TASK DESCRIPTION:
Repeat the following entries exactly, excluding pictures.

EXTRACTED MATERIAL:

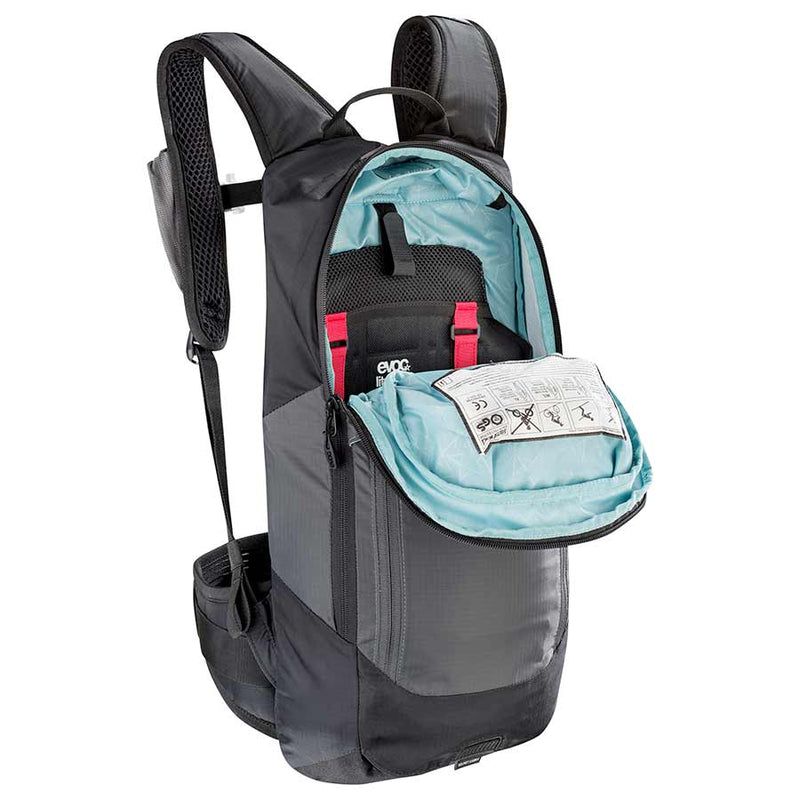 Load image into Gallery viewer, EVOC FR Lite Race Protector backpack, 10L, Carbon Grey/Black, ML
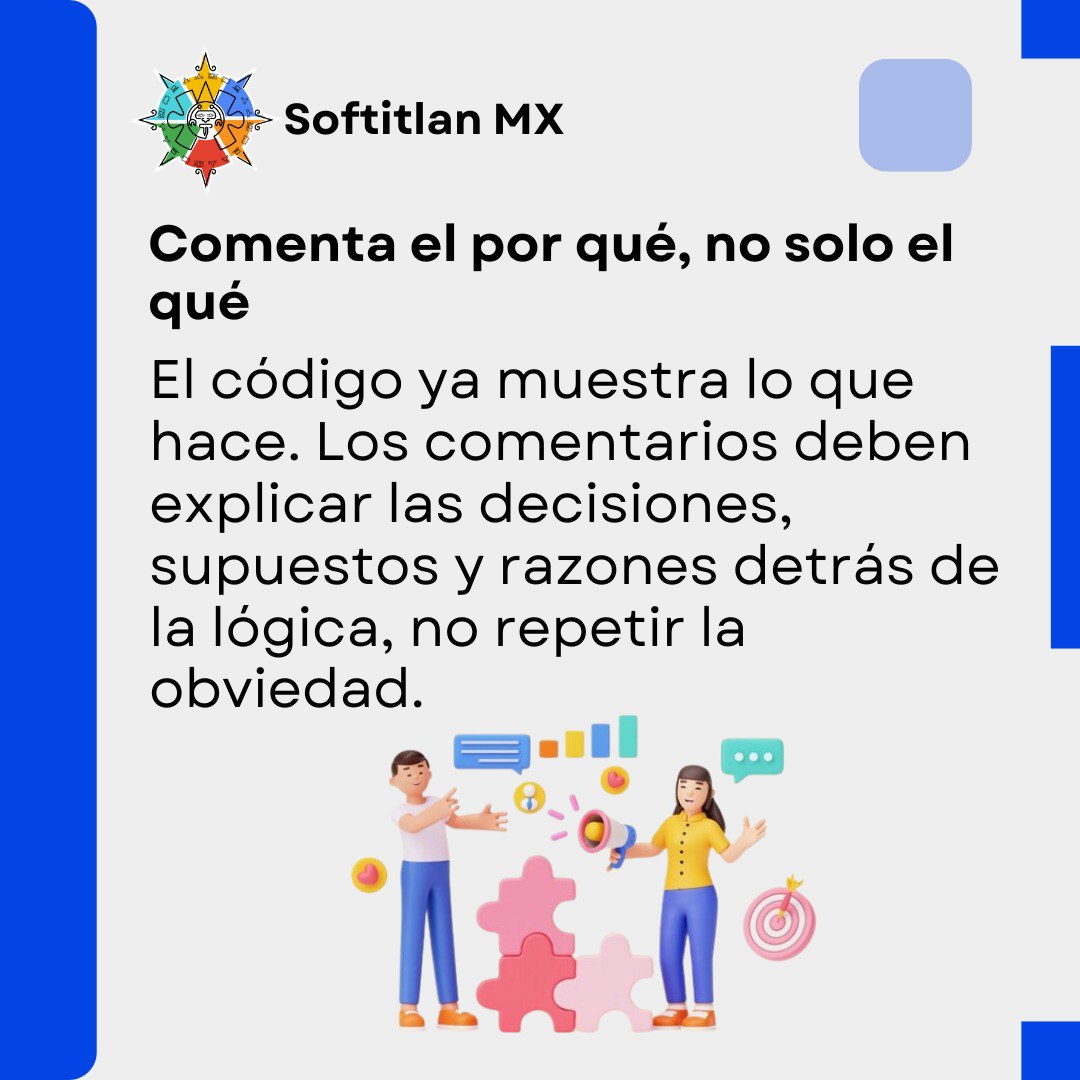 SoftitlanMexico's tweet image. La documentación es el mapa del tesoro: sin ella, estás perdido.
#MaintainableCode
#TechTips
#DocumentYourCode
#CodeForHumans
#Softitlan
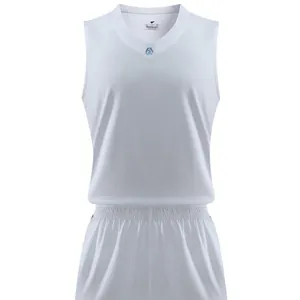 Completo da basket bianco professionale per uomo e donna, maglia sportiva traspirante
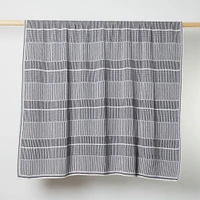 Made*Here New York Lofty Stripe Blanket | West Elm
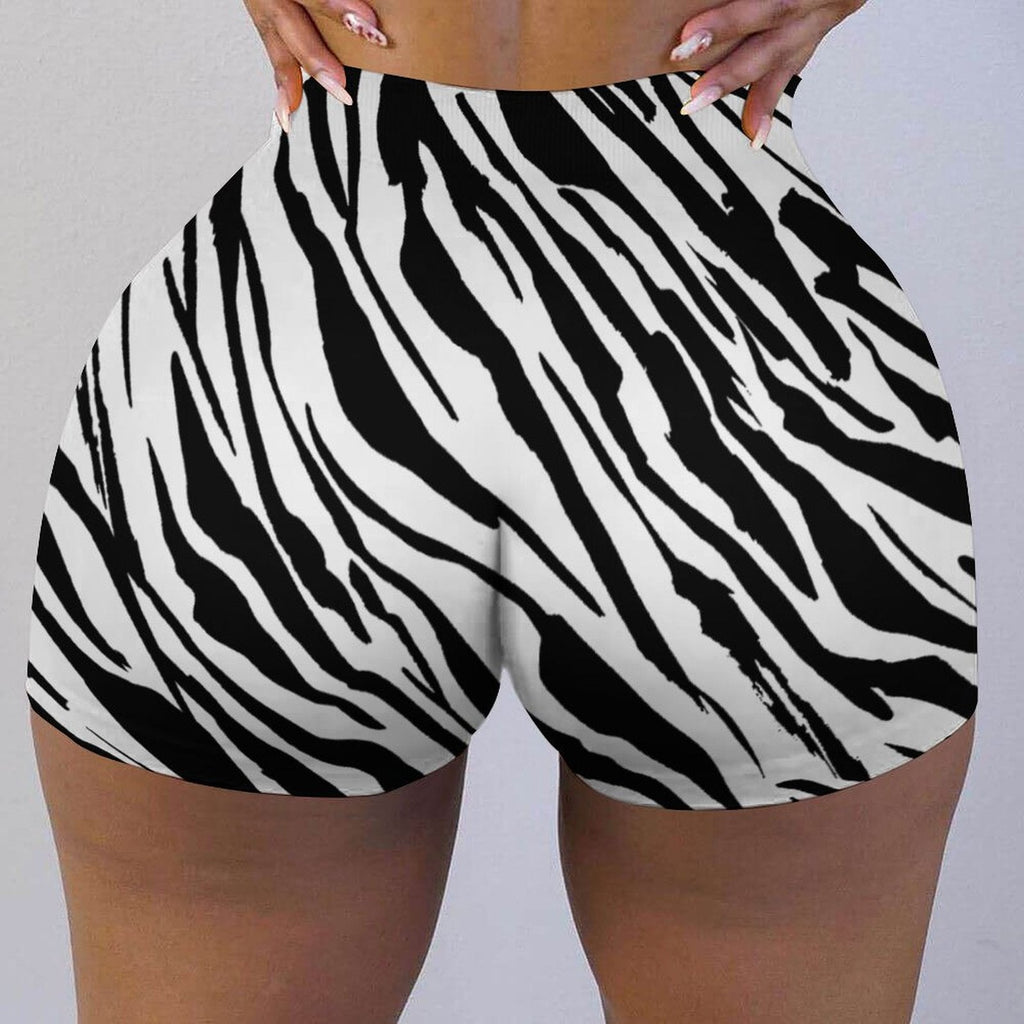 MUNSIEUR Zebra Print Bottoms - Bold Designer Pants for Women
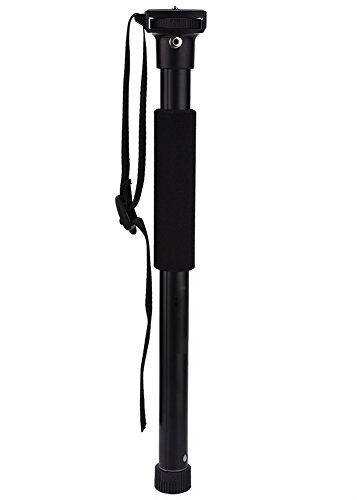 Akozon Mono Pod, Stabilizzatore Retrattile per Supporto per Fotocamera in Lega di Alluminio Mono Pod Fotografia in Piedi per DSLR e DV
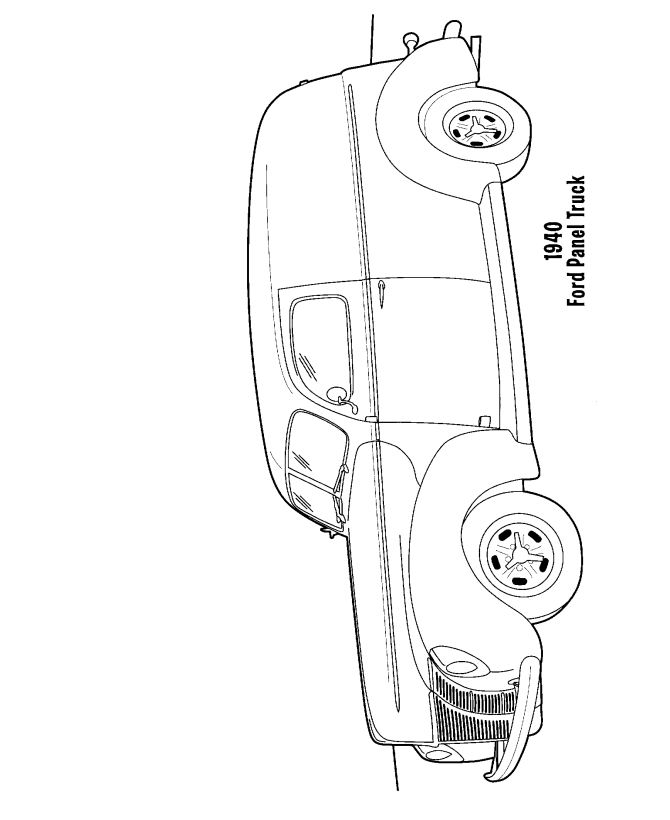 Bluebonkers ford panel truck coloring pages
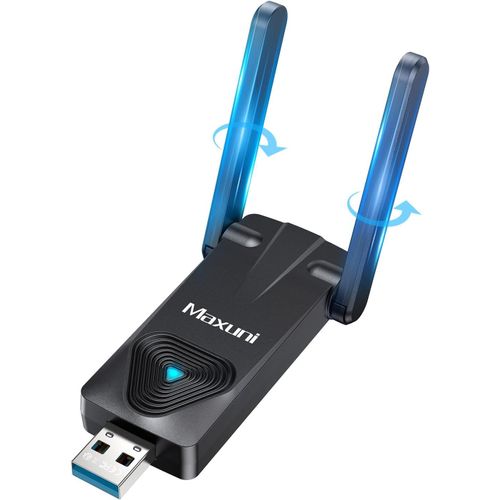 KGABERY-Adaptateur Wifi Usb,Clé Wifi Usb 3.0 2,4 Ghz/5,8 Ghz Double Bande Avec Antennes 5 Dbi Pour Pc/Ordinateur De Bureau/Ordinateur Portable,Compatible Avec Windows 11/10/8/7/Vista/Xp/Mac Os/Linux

EXERCISE OUTPUT:
 Load image into Gallery viewer, EVOC FR Lite Race Protector backpack, 10L, Carbon Grey/Black, ML
 SoftitlanMexico's tweet image. La documentación es el mapa del tesoro: sin ella, estás perdido.
#MaintainableCode
#TechTips
#DocumentYourCode
#CodeForHumans
#Softitlan
 Completo da basket bianco professionale per uomo e donna, maglia sportiva traspirante
 Made*Here New York Lofty Stripe Blanket | West Elm
 MUNSIEUR Zebra Print Bottoms - Bold Designer Pants for Women
 Akozon Mono Pod, Stabilizzatore Retrattile per Supporto per Fotocamera in Lega di Alluminio Mono Pod Fotografia in Piedi per DSLR e DV
 Bluebonkers ford panel truck coloring pages
 KGABERY-Adaptateur Wifi Usb,Clé Wifi Usb 3.0 2,4 Ghz/5,8 Ghz Double Bande Avec Antennes 5 Dbi Pour Pc/Ordinateur De Bureau/Ordinateur Portable,Compatible Avec Windows 11/10/8/7/Vista/Xp/Mac Os/Linux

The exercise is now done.